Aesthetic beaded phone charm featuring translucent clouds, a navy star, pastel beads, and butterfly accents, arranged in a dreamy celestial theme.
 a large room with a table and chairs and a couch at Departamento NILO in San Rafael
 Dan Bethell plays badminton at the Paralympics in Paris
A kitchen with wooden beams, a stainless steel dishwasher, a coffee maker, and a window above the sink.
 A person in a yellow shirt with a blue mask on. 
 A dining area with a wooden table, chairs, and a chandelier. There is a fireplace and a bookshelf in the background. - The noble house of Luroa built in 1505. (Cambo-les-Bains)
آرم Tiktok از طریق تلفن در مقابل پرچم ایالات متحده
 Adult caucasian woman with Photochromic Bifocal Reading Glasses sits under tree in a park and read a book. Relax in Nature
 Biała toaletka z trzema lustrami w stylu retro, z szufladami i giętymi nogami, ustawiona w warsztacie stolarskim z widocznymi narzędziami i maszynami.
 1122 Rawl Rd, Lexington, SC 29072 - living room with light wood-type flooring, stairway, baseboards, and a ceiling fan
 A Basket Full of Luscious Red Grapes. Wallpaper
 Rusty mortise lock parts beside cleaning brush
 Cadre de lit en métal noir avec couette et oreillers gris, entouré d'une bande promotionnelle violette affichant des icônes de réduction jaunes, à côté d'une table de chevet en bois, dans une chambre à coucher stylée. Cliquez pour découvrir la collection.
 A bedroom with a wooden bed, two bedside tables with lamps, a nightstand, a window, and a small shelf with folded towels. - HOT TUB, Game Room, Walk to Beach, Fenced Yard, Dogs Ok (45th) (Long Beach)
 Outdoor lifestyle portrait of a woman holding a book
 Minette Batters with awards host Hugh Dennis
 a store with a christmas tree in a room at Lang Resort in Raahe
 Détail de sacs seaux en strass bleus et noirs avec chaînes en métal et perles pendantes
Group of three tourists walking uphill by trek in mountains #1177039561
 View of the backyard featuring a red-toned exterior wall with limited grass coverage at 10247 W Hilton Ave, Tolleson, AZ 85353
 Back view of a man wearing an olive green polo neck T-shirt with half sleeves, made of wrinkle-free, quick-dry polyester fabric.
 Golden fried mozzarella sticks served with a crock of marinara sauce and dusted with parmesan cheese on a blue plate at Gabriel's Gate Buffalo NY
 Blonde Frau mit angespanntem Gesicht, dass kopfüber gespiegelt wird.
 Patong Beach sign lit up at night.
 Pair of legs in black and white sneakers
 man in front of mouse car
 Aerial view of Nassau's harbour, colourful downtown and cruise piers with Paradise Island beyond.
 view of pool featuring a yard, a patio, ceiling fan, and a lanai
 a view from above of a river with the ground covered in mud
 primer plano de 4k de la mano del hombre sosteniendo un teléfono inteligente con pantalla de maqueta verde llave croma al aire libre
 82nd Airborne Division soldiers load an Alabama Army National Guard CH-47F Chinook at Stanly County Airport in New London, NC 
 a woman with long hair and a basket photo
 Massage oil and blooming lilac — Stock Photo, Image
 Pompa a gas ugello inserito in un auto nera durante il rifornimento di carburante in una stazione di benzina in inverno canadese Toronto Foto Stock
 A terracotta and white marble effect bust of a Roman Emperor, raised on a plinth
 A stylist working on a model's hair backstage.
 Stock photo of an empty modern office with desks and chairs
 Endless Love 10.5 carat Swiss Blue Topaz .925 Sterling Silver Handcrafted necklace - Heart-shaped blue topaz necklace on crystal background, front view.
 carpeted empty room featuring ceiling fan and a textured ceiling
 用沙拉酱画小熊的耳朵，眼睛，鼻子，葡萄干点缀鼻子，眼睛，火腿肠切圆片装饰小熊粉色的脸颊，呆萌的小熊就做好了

Goal of the exercise | Say how many lines above contain "woman", and give no words besides the number.

Exercise result | 3